(Brief descriptive captions)
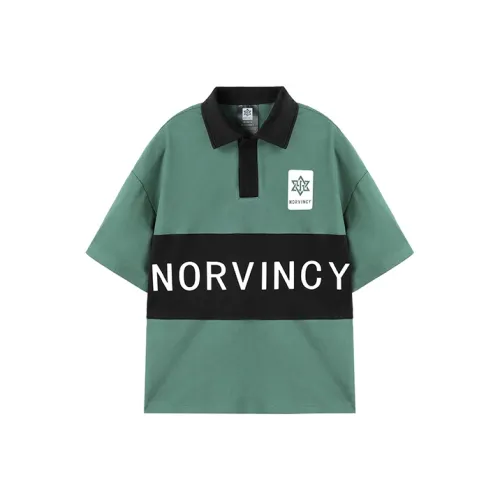 NORVINCY 100% Cotton Breathable Moisture Wicking 100% Cotton Half Sleeve Polo Shirt Unisex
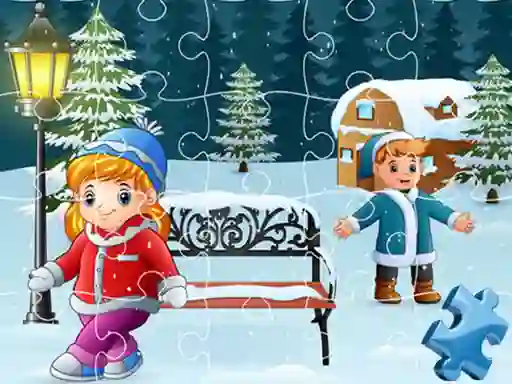 Laro Happy Winter Jigsaw online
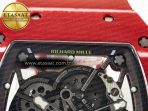 Richard Mille RM035 Red Carbon SONIC Best Edition Skeleton Dial on Red Rubber Strap Clone RMUL2 V2 - Görsel 14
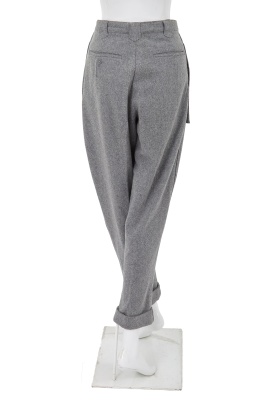 A Comme des Gar&ccedil;ons grey and beige wool ensemble, early 1980s - 6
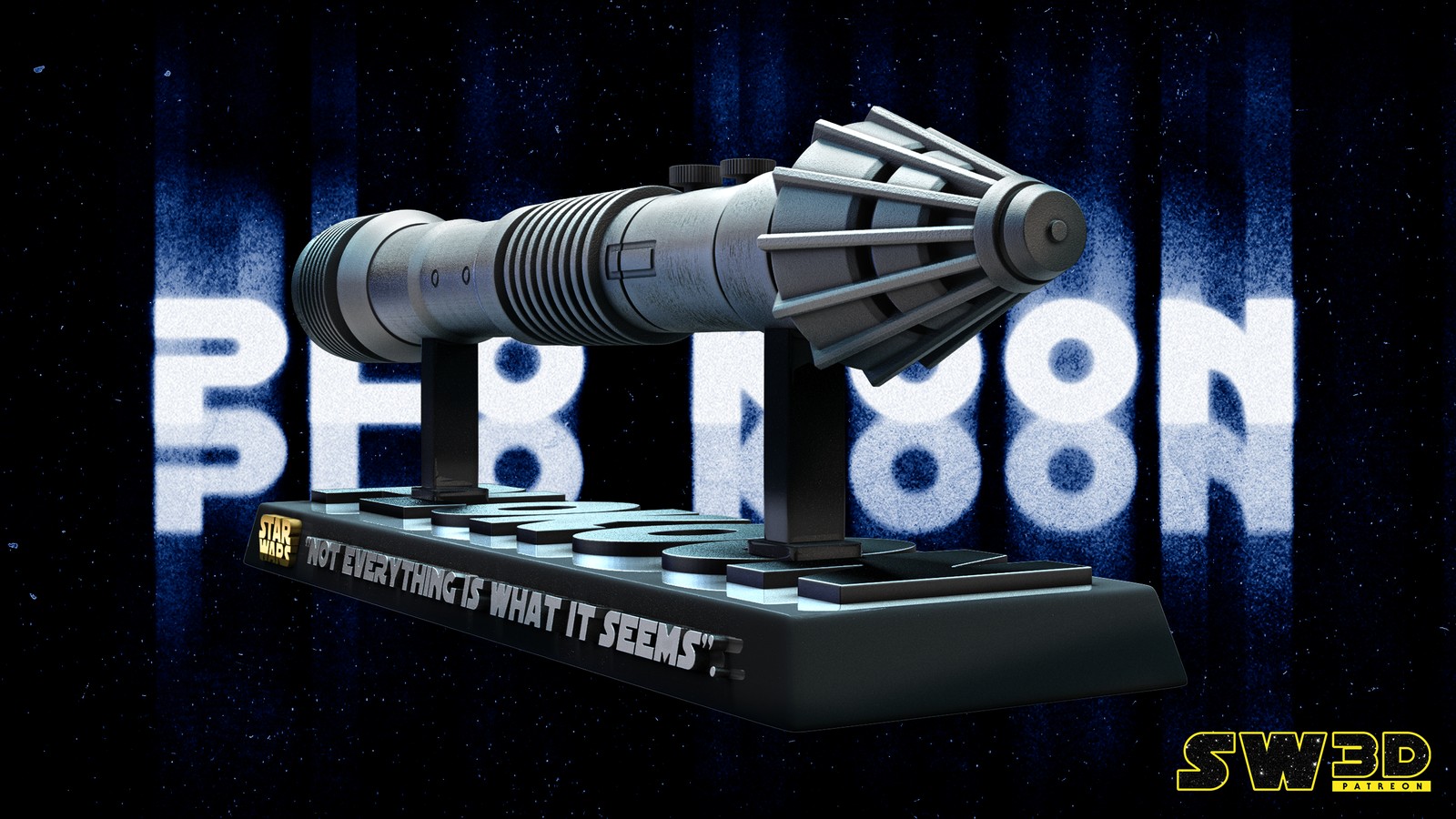 Plo Koon Lightsaber Sculpture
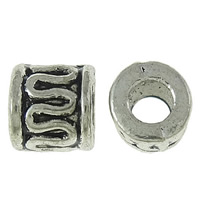 Zinklegierung Rohr Perlen, keine, frei von Nickel, Blei & Kadmium, 5x5mm, Bohrung:ca. 3mm, 2000PCs/Tasche, verkauft von Tasche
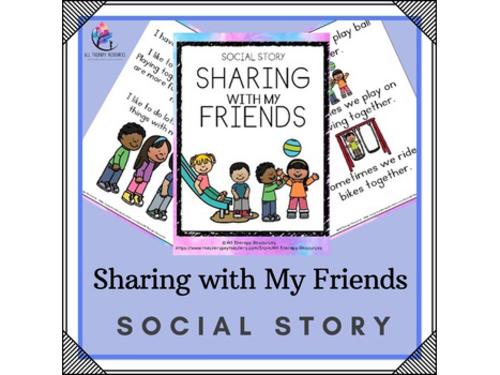 Sharing with my Friends - Social Narrative (sharing with others) - Autism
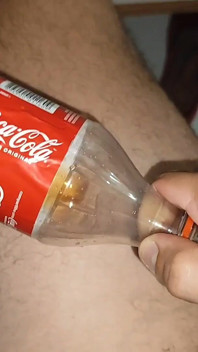 Boy Gets His Dick Stuck in a Coca-cola Bottle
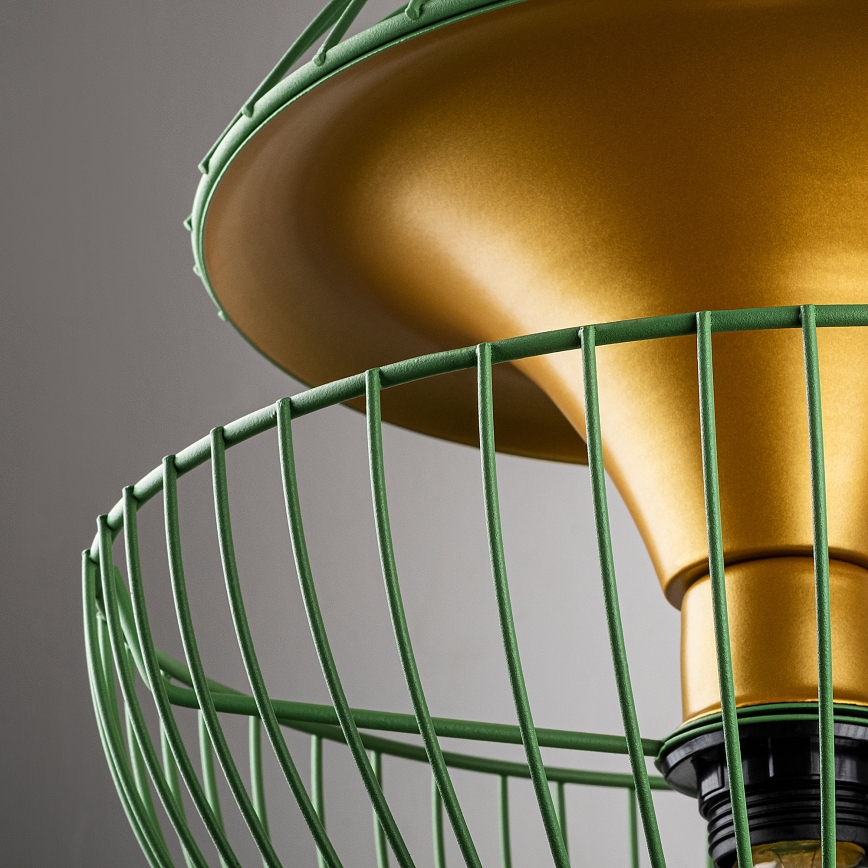 Lámpara colgante TELMANDER 1xE27/40W/230V verde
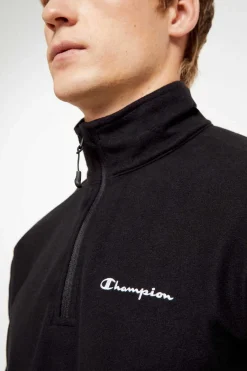 Champion Micropolar Meio Fecho-Eclair Preto Clearance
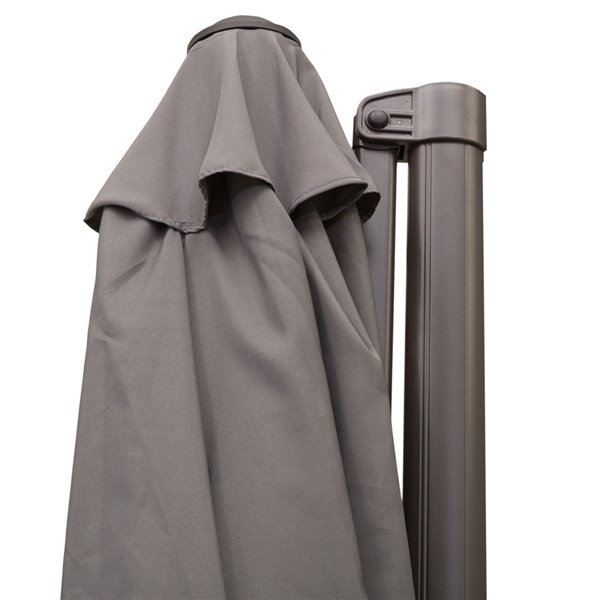 Outsunny The Sun Umbrella 9.68-ft Grey Garden Patio Umbrella Push-button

• [Task to complete] Your answer should consist solely of the lines from the one with "Champion Micropolar Meio" through the last line of the entries, restated word for word, with the pictures omitted.

• [Solved exercise]
 Champion Micropolar Meio Fecho-Eclair Preto Clearance
 Outsunny The Sun Umbrella 9.68-ft Grey Garden Patio Umbrella Push-button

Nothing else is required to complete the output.